Oceans and Man

May 1, 1968

Report Outline
Advances in Science of Oceanography
Man's Continuing Study of the Oceans
Debate on Control of the Seabed
Special Focus

Advances in Science of Oceanography

Ocean sciences are rapidly yielding to man a knowledge of the underwater world and a technology to extract its wealth. Sea food and minerals of untold abundance are in the offing for a world half underfed and already being depleted of its land resources. The ocean depths also promise future profits to industry, and economic power to whichever maritime nations gain the lead in exploiting them.

At the same time, the very success of deep-sea exploration is creating problems. Some specialists believe more is being promised the public by some enthusiasts than can be delivered from the oceans in the near future. Covering 70 per cent of the earth with water at great depths, the oceans present a hostile environment and do not give up their riches easily. Even now, only 5 per cent of the 140-million-square-mile ocean floor has been explored—and nearly all of that in relatively shallow offshore waters.

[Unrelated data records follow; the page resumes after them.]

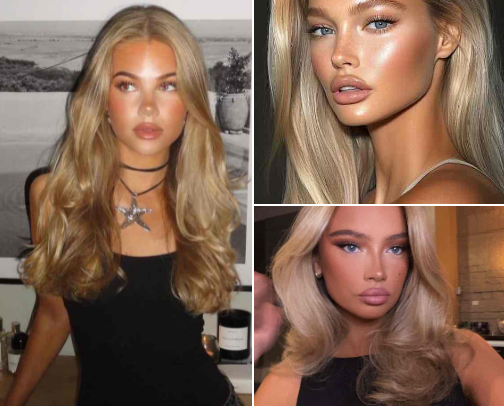 Scandinavian makeup look products cover photo collage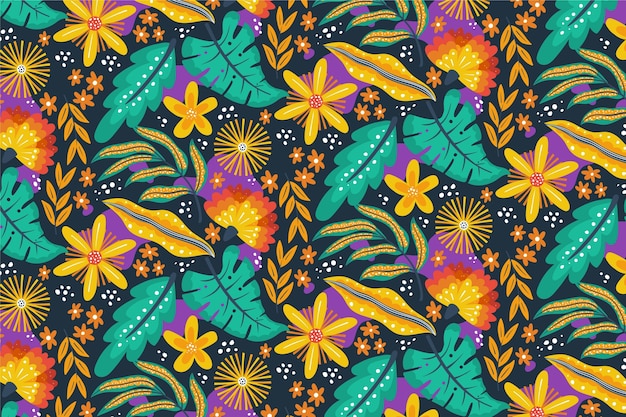 Hand drawn abstract leaves pattern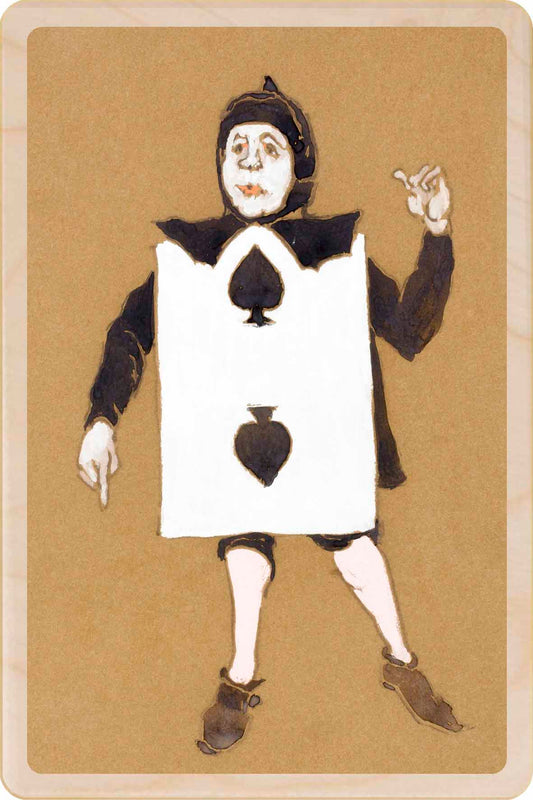 The Two of Spade (1915) - Wooden Postcard. Costume design for Lewis Carroll's Alice in Wonderland, by William Penhallow Henderson, printed on sustainable wood.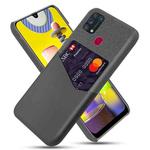 For Samsung Galaxy M31 Cloth Texture PC + PU Leather Back Cover Shockproof Case with Card Slot(Grey)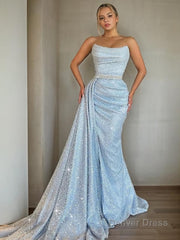 Sheath/Column Strapless Sweep Train Prom Dresses With Ruffles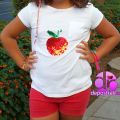 CAMISETA CON MANZANA DE LENTEJUELAS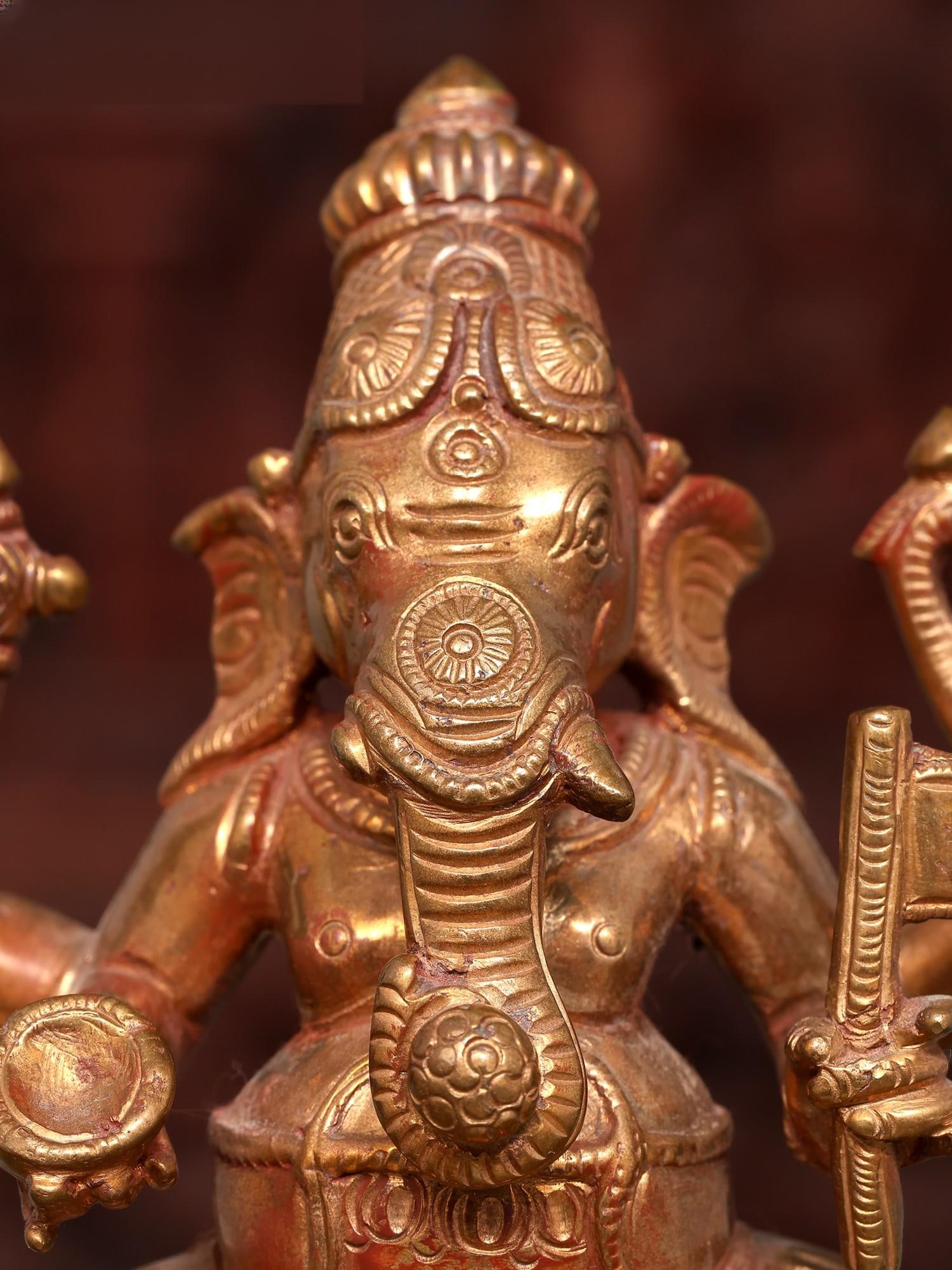 6" Small Sitting Bhagawan Ganapati | Bronze Statue - 2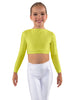 Solid Lycra LS Crew Neck Crop Top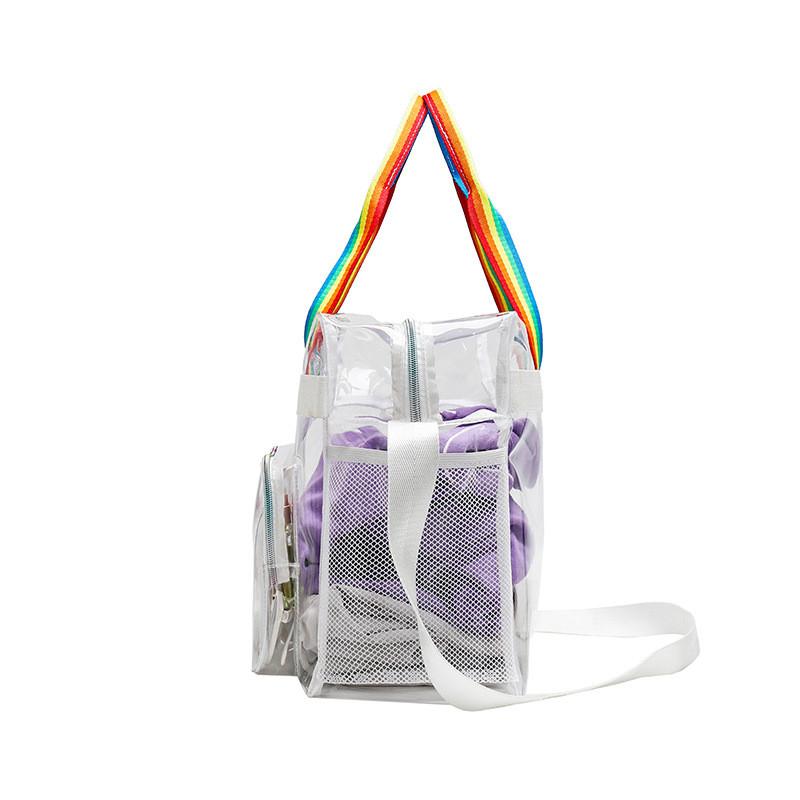 Pvc Transparent Tote Bag With Large Capacity For Beach And Gym Use In Cross Border Style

Some of the underdeveloped nations nevertheless have expressed concern in the United Nations over the possibility that the seabed, in effect, may be colonized by maritime powers in the way Asia and Africa were colonized in the 19th century. Poor nations—about 80 of the 123 U.N. members are in that category—fear that they will be denied tomorrow's wealth if the ocean bottom is carved up through nationalistic enterprise. The tiny Mediterranean island of Malta, a member of the world body, formally asked the United Nations in 1967 to assume control of the ocean floor beyond the continental shelves and allocate to the poor countries of the world the proceeds from exploitation of its resources.